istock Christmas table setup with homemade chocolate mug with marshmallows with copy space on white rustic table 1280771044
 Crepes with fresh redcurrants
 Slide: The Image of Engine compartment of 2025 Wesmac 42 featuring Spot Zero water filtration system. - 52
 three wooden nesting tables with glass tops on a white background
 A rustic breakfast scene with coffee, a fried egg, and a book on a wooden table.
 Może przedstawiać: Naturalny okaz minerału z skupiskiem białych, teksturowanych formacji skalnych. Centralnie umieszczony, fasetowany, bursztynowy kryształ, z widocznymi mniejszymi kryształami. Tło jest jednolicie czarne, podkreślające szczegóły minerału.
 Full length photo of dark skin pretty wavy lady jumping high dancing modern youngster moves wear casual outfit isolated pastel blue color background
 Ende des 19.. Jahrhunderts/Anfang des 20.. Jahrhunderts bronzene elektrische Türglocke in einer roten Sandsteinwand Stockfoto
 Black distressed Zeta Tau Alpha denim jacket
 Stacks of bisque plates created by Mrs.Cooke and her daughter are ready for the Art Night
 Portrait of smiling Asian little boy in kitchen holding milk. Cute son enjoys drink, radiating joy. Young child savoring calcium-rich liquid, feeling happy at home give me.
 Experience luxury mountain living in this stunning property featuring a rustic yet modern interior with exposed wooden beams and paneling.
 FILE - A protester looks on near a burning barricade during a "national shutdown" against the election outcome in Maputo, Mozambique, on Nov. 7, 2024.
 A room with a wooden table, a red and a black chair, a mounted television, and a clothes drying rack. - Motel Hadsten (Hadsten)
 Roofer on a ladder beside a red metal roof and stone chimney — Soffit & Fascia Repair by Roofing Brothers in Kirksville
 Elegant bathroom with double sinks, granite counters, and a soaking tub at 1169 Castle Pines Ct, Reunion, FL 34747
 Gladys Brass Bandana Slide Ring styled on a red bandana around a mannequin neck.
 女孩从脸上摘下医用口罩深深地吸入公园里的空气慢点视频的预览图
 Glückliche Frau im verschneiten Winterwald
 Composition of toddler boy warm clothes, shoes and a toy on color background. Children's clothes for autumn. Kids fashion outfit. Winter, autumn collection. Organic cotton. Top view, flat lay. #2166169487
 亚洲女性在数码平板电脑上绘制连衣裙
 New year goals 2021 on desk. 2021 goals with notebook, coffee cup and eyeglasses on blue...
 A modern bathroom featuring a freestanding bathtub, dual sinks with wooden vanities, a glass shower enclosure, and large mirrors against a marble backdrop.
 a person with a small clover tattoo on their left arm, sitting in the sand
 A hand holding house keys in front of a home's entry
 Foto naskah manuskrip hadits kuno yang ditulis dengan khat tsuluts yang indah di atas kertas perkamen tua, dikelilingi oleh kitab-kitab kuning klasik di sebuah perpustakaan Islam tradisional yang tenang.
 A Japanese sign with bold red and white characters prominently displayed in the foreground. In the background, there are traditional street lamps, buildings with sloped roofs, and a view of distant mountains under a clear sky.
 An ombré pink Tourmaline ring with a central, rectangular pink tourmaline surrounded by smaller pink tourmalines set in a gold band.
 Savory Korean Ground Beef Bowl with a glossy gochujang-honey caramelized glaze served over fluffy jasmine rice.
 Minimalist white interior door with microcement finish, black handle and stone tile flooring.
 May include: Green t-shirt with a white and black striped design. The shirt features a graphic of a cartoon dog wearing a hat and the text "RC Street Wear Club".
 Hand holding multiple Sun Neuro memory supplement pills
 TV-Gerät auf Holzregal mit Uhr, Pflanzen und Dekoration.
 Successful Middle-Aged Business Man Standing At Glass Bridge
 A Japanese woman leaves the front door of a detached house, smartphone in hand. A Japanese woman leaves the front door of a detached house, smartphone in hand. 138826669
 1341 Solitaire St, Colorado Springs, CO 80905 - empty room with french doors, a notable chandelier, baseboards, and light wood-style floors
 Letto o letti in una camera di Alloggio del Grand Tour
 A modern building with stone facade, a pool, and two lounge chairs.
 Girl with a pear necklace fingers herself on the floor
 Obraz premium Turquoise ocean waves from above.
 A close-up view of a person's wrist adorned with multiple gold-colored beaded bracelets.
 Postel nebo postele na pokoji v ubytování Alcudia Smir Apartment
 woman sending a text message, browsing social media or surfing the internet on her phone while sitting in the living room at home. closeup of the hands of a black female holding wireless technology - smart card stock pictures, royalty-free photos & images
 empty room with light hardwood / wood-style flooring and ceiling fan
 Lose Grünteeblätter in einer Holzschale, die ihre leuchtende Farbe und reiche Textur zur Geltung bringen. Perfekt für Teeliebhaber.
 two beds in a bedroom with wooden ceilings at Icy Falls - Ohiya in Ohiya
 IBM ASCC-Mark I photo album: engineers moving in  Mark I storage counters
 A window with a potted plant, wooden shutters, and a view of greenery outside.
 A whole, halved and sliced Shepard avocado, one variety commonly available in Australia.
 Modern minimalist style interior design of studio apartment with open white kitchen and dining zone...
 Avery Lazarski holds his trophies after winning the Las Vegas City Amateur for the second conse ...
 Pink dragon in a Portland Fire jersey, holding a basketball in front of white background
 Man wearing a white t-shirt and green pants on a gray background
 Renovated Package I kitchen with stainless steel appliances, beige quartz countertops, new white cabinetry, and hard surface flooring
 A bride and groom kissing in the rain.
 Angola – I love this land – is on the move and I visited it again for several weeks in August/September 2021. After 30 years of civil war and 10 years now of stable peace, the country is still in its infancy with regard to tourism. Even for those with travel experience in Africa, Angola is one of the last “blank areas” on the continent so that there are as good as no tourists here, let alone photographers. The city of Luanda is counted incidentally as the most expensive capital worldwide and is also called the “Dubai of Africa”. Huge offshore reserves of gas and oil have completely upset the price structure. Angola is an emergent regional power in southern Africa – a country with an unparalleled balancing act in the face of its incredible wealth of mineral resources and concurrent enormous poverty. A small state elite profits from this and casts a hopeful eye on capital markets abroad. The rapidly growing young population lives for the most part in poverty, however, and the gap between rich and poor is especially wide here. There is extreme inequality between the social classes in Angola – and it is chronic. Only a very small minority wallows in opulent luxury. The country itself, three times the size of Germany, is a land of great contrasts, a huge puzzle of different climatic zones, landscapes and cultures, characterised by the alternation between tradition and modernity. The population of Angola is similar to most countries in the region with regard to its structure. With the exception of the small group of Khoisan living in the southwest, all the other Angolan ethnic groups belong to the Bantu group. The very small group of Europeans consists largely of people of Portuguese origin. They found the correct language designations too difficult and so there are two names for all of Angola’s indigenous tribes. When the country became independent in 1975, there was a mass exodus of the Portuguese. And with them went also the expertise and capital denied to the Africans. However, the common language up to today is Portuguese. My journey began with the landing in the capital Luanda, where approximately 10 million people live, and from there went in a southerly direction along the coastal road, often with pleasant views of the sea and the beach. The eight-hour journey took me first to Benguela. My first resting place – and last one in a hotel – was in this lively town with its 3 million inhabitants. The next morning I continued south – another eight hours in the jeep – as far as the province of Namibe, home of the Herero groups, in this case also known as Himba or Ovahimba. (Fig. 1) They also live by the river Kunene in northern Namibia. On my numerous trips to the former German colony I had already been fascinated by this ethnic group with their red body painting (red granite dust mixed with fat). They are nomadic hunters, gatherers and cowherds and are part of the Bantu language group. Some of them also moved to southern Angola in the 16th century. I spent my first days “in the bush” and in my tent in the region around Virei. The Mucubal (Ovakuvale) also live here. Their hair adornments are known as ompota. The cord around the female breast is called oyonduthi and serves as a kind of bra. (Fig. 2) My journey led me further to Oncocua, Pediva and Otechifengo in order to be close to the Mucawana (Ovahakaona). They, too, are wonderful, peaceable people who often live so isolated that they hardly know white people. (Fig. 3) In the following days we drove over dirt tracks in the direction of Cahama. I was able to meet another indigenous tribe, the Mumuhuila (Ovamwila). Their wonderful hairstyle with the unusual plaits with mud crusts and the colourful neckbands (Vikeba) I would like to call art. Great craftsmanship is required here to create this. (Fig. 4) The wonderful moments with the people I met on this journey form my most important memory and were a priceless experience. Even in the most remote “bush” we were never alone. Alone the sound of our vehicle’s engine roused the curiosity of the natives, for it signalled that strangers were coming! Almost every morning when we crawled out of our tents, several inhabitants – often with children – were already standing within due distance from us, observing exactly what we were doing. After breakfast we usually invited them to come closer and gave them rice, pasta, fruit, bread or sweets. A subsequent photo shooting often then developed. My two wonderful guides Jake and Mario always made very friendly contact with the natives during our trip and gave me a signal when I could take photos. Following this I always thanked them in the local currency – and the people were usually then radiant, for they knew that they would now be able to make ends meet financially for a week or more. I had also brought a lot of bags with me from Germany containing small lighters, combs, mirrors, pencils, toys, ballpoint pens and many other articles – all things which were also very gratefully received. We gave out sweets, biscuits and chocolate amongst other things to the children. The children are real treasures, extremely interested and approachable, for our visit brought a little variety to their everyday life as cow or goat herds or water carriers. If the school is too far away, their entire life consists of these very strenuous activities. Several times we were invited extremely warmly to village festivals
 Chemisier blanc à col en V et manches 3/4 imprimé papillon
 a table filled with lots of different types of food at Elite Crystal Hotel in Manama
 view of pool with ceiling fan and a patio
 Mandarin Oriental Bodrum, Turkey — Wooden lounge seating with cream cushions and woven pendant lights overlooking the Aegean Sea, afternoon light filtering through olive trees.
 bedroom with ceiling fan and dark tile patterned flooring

----------------------------------------

### Action item
Using the entries above, repeat only the lines from the one containing "Roofer on a" through the one containing "Successful Middle-Aged Business", end lines included.

### Exercise response
 Roofer on a ladder beside a red metal roof and stone chimney — Soffit & Fascia Repair by Roofing Brothers in Kirksville
 Elegant bathroom with double sinks, granite counters, and a soaking tub at 1169 Castle Pines Ct, Reunion, FL 34747
 Gladys Brass Bandana Slide Ring styled on a red bandana around a mannequin neck.
 女孩从脸上摘下医用口罩深深地吸入公园里的空气慢点视频的预览图
 Glückliche Frau im verschneiten Winterwald
 Composition of toddler boy warm clothes, shoes and a toy on color background. Children's clothes for autumn. Kids fashion outfit. Winter, autumn collection. Organic cotton. Top view, flat lay. #2166169487
 亚洲女性在数码平板电脑上绘制连衣裙
 New year goals 2021 on desk. 2021 goals with notebook, coffee cup and eyeglasses on blue...
 A modern bathroom featuring a freestanding bathtub, dual sinks with wooden vanities, a glass shower enclosure, and large mirrors against a marble backdrop.
 a person with a small clover tattoo on their left arm, sitting in the sand
 A hand holding house keys in front of a home's entry
 Foto naskah manuskrip hadits kuno yang ditulis dengan khat tsuluts yang indah di atas kertas perkamen tua, dikelilingi oleh kitab-kitab kuning klasik di sebuah perpustakaan Islam tradisional yang tenang.
 A Japanese sign with bold red and white characters prominently displayed in the foreground. In the background, there are traditional street lamps, buildings with sloped roofs, and a view of distant mountains under a clear sky.
 An ombré pink Tourmaline ring with a central, rectangular pink tourmaline surrounded by smaller pink tourmalines set in a gold band.
 Savory Korean Ground Beef Bowl with a glossy gochujang-honey caramelized glaze served over fluffy jasmine rice.
 Minimalist white interior door with microcement finish, black handle and stone tile flooring.
 May include: Green t-shirt with a white and black striped design. The shirt features a graphic of a cartoon dog wearing a hat and the text "RC Street Wear Club".
 Hand holding multiple Sun Neuro memory supplement pills
 TV-Gerät auf Holzregal mit Uhr, Pflanzen und Dekoration.
 Successful Middle-Aged Business Man Standing At Glass Bridge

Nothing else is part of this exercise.